Hematologists commonly care for patients with iron-related problems, including iron-deficiency anemia (IDA) or insufficient supply of marrow iron (anemia of chronic inflammation [ACI] or malignancy). Other patients are phlebotomized to remove iron from the body and/or restrict iron supply to the marrow in polycythemia vera, abnormal accumulation of dietary iron (hemochromatosis), transfusion-related hemosiderosis, or porphyria cutanea tarda. Some patients with significant anemia combined with iron overload and/or transfusion requirements, such as in thalassemia or sickle cell disease, may require iron chelation therapy. Among the most important discoveries for hematologists in 2014 is the report of Dr. Leon Kautz and colleagues,1 from the laboratory of Dr. Tomas Ganz, that identified erythroferrone (ERFE) as a hormone produced by erythroblasts that suppresses hepcidin transcription in the liver. As predicted from studies in patients with thalassemia and hemolytic anemia, ERFE appears to be the regulator of iron absorption and plasma iron mobilization that, “…originates in immature erythroblasts in need of more iron.”2 The liver hormone hepcidin, the transcription of which is suppressed by ERFE, modulates cellular export of iron by binding and down-regulating surface expression of the cellular iron exporter, ferroportin.3
In terms of providing transferrin-bound iron required for cellular iron uptake, including the very large amounts required by erythroid precursors, the regulation of ferroportin by hepcidin is most important for macrophages that recycle iron from phagocytosed senescent erythrocytes, hepatocytes that are a major iron storage site, and duodenal enterocytes that are the site of dietary iron absorption. At least three major processes acting in concert regulate hepcidin gene transcription (Figure): 1) increased iron stores and transferrin iron saturation,4,5 which induce transcription by the BMP6-SMAD pathway via a complex receptor mechanism involving BMP6 receptors and other components, including transferrin receptor 2, hemojuvelin, and HFE (each associated with hereditary hemochromatosis when mutated); 2) inflammation/infection, which induces transcription via IL-6 signaling through the STAT3 pathway4 and activin B signaling through the BMP/Smad1/5/8 pathway6 ; and 3) erythropoietin-induced erythroblast expansion, which suppresses transcription by ERFE signaling through an unknown mechanism.1 Using disease models and ERFE-deficient mice, Dr. Kautz and colleagues demonstrated that during stress erythropoiesis, such as following blood loss or hemolysis, prompt induction of ERFE provides erythroblasts with greater amounts of iron, permitting an optimal recovery of circulating erythrocyte numbers.1 During ineffective erythropoiesis with expanded erythroid precursors but reduced erythrocyte production, such as in β-thalassemia, increased ERFE causes iron overload,1 a major cause of morbidity and mortality in the more severe thalassemias. In a murine ACI model, ERFE deficiency augments the increases in serum hepcidin caused by inflammation, worsens iron restriction and anemia, and retards recovery from inflammation-induced anemia.7
These ERFE studies may lead to potential therapies based on regulation of hepcidin activity for disorders of iron absorption, storage, and mobilization that will be more specific than current modalities such as iron supplementation, chelation, and phlebotomy. Hepcidin mimetics and anti-hepcidin demonstrated therapeutic potential in animal models of hemochromatosis8 and ACI,9 respectively. Potential therapies for iron overload in hemochromatosis or iron restriction in ACI involving modulation of hepcidin transcription rates have been based on altering the signaling mechanisms of iron stores/transferrin iron saturation or inflammatory cytokines.10 Therapies based on inhibiting ERFE activity may help patients with β-thalassemia and disorders associated with inappropriate iron accumulation during ineffective erythropoiesis, whereas therapies based on increasing ERFE activity may ameliorate ACI, especially in those patients in which treatment of the underlying inflammatory condition is limited.

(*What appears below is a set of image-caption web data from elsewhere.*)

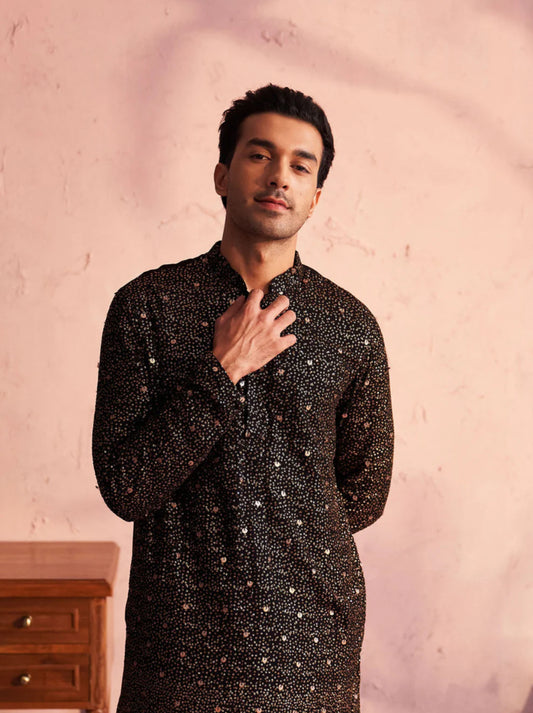 Kurta Pantalon Patiala Noir Intense Sequins brodés en Georgette Zari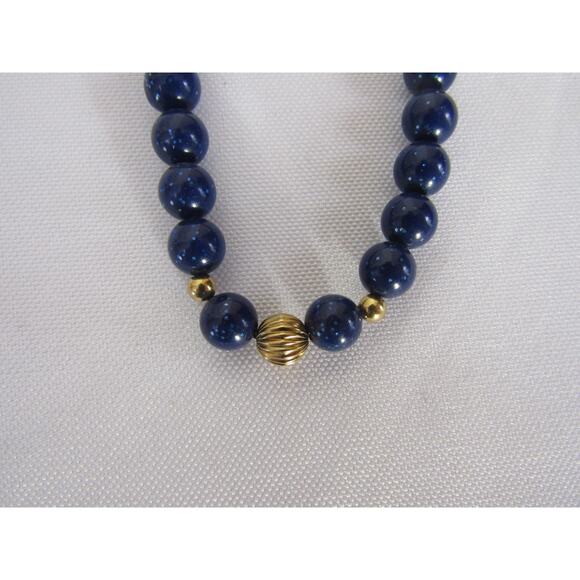 Blue Round Gemstone Beaded Gold Tone Necklace Long 32" Whimsical Minimalist Oval - Picture 3 of 5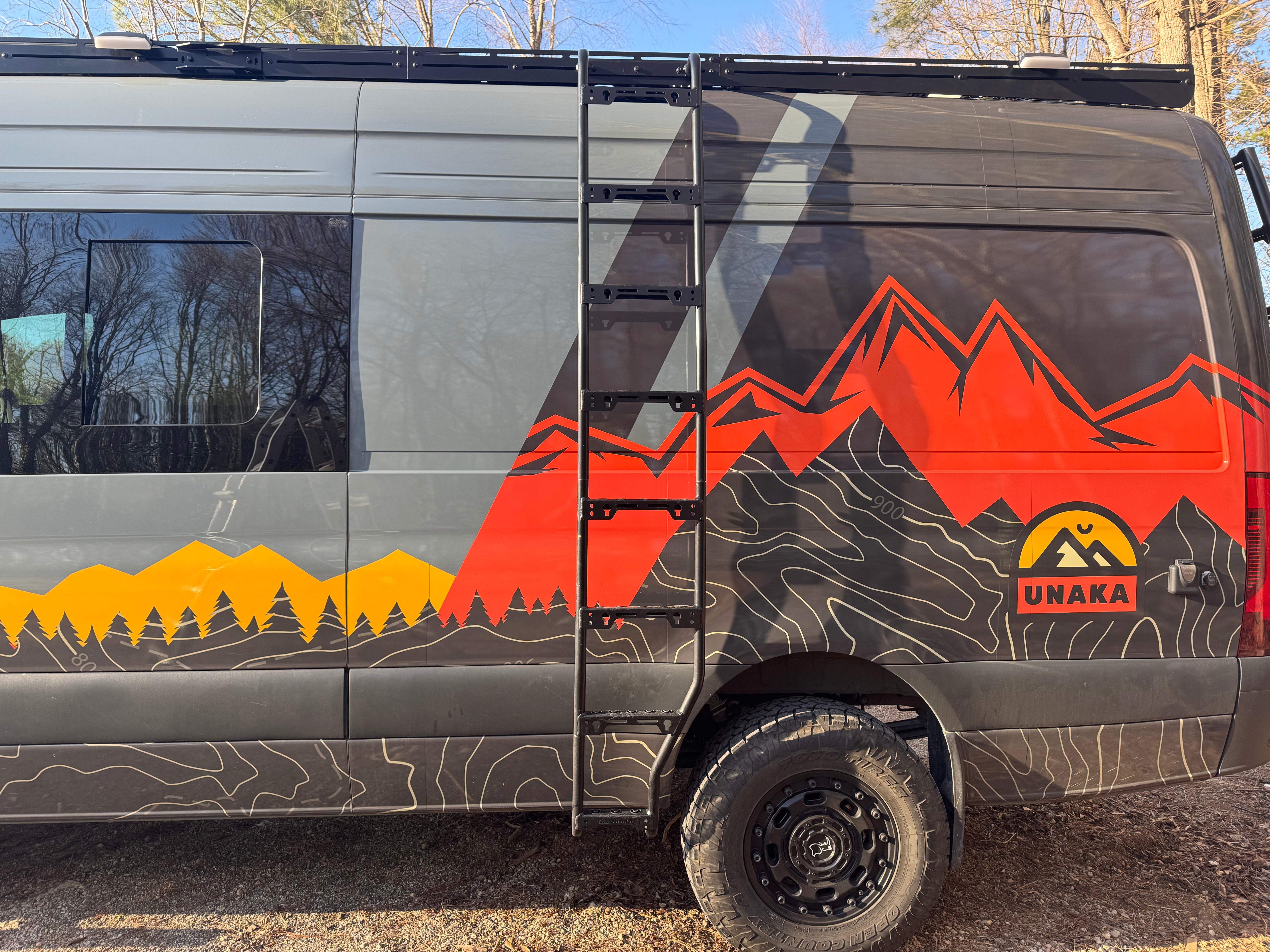Unaka Gear Co. Mercedes Sprinter Wheel Wrap Ladder - Exterior Roof Access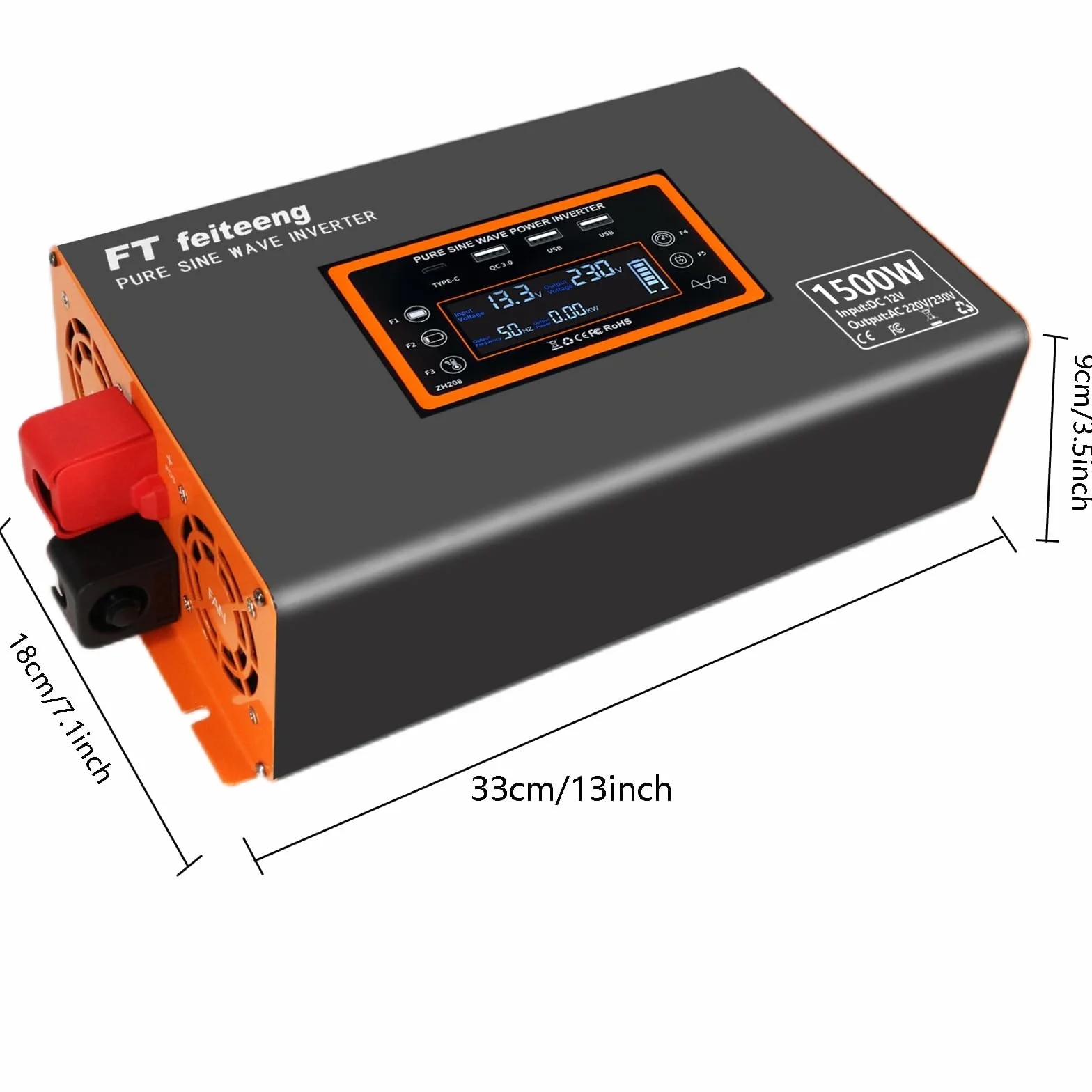 1500W/3000W Pure Sine Wave Inverter 12V 220V LCD Display with Remote, USB-C & QC 3.0 for Car, Camper, Truck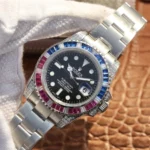 SUBMARINER SILVER BLUE / RED DIAMOND 40MM 116759 SAru-78209 - Image 6
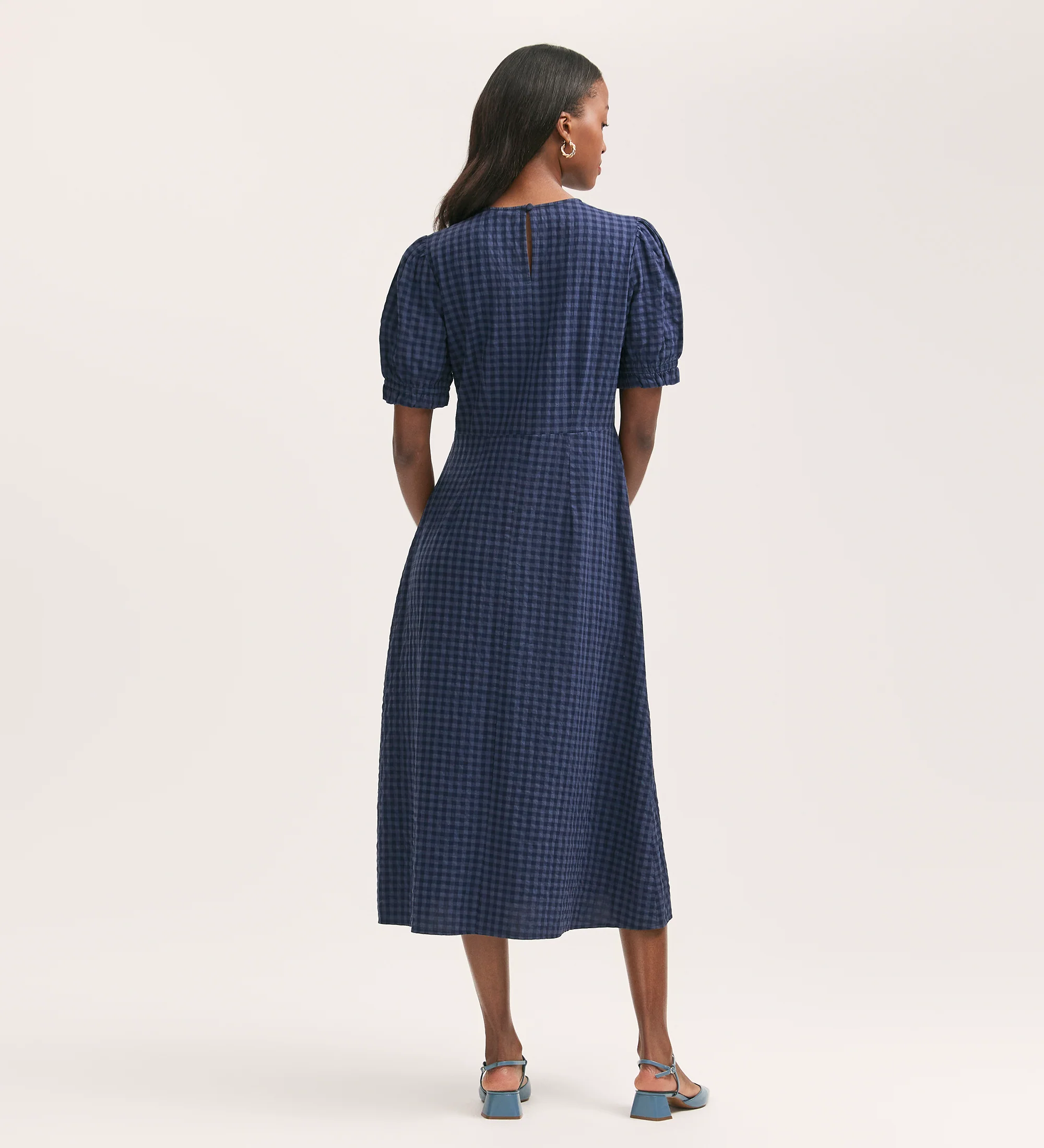 Mela Navy Gingham Seersucker Midi Dress - Image 4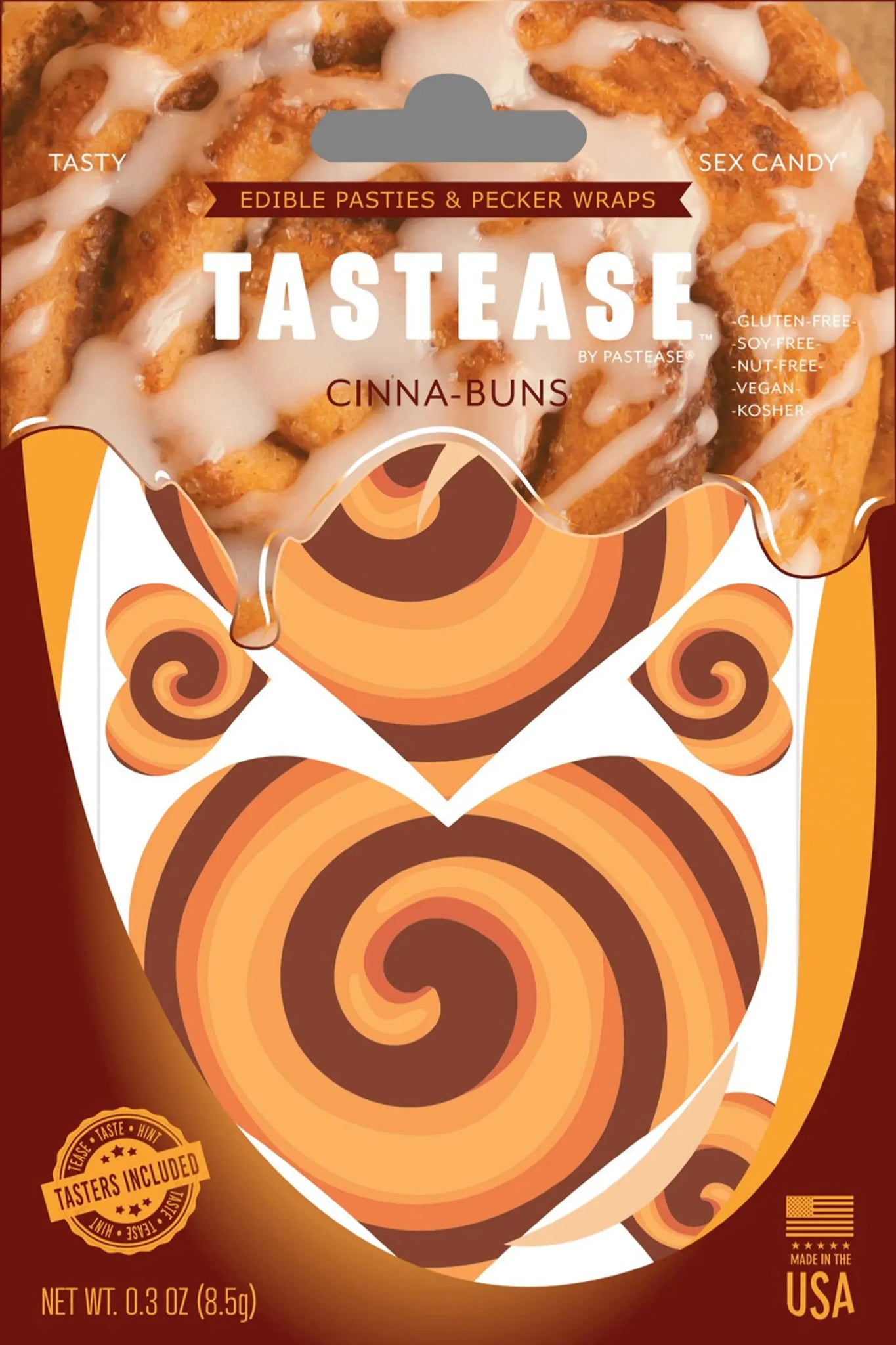 TASTEASE CINNA-BUN EDIBLE NIPPLE PASTIES & PECKER WRAPS Pastease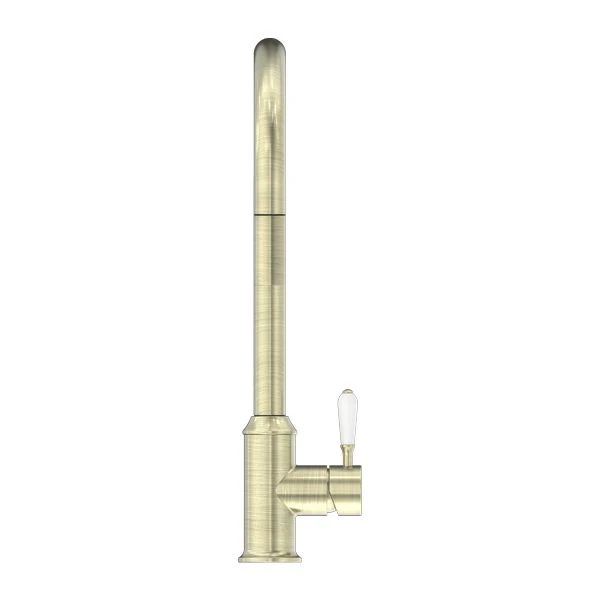 Nero York Pull Out Sink Mixer With Vegie Spray Function With White Porcelain Lever - Aged Brass - Image 2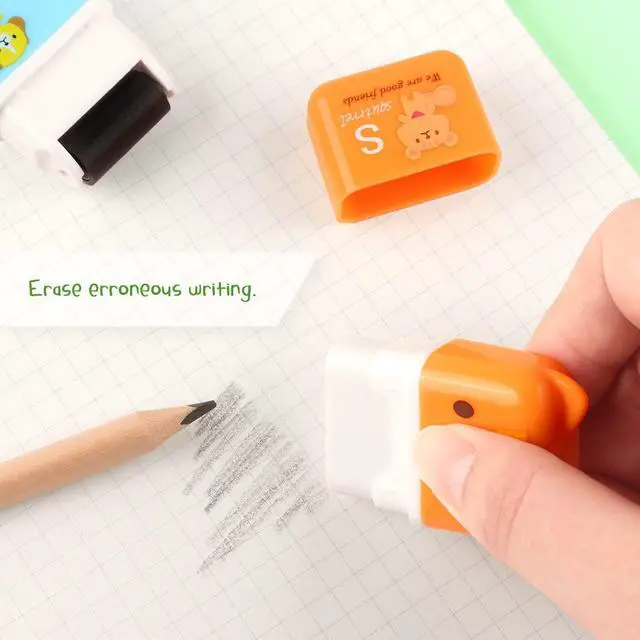 Alt view image 6 of 7 - Tamaki 6 Pack Erasers for Kids, Cute Erasers with Cover and Roller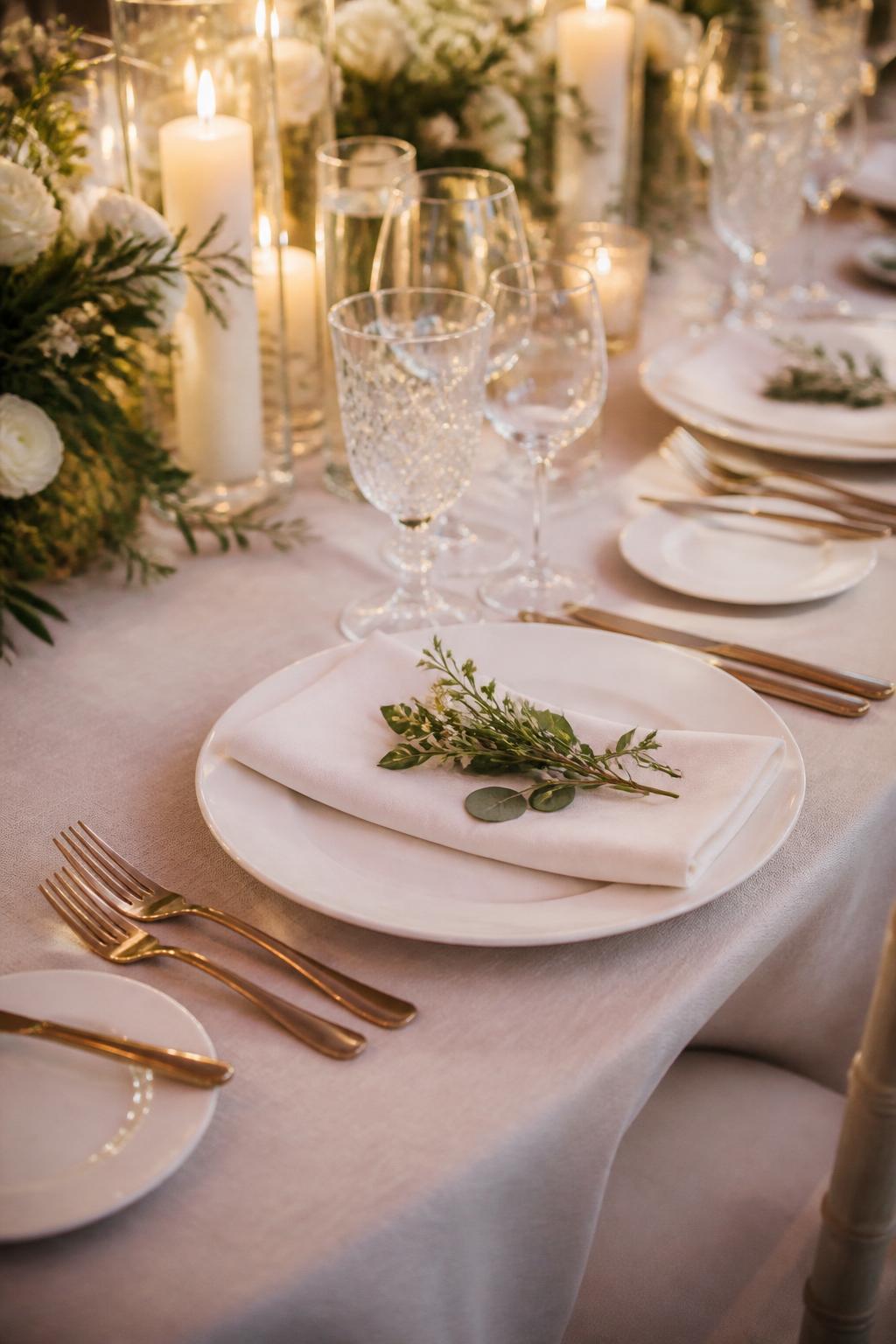 Image Prompt:
A close editorial wedding table photo focused on individual place settings with white plates, folded linen napkins, a small floral sprig placed neatly on each napkin, gold flatware, clear crystal glasses, and soft candlelight in the background. Elegant wedding reception setting, no visible faces, no text, no watermark, realistic professional photography, (no watermarks on images)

Among other noteworthy 2014 publications in the area of erythroid cell biology is another report about hepcidin. Dr. Xing-gang Wu and colleagues11 demonstrated that HFE, the mutated forms of which are associated with the large majority of hereditary hemochromatosis cases, interacts with the ALK3 component of the BMP6 receptor in the pathway that induces hepcidin transcription in response to increased iron (Figure). The more severe phenotype of C282Y mutation appears to inhibit surface expression of ALK3, while the less severe H63D mutation appears to increase proteasomal degradation of ALK3.
Finally, for those with an interest in erythrocytes and thrombosis, Dr. Douglas Cines and colleagues12 showed that the viscoelasticity of erythrocytes permits a change from discs to polyhedrocytes within clots following contraction mediated by platelets and fibirin located mainly on the outer surfaces of the clots. This previously unrecognized property of erythrocytes helps explain impermeability, density, and stiffness of clots and has clinical implications for bleeding and wound healing.